== DATA RECORDS ==

━━━━━━━━━━━━━━━━━━━━━━━━━━━━━━

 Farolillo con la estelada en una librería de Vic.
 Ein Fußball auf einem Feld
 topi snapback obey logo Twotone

━━━━━━━━━━━━━━━━━━━━━━━━━━━━━━

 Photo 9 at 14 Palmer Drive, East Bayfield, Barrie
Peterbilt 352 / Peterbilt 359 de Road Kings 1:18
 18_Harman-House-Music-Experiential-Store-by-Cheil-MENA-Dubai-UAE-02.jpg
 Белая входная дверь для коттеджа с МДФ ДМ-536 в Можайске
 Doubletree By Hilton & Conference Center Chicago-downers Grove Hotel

━━━━━━━━━━━━━━━━━━━━━━━━━━━━━━

== WHAT THIS TASK INVOLVES ==
Using the material above, transcribe exactly the lines from the line with "Farolillo con la" to the line with "topi snapback obey logo Twotone"; both count, and nothing else goes in.

== ANSWER BOX ==
 Farolillo con la estelada en una librería de Vic.
 Ein Fußball auf einem Feld
 topi snapback obey logo Twotone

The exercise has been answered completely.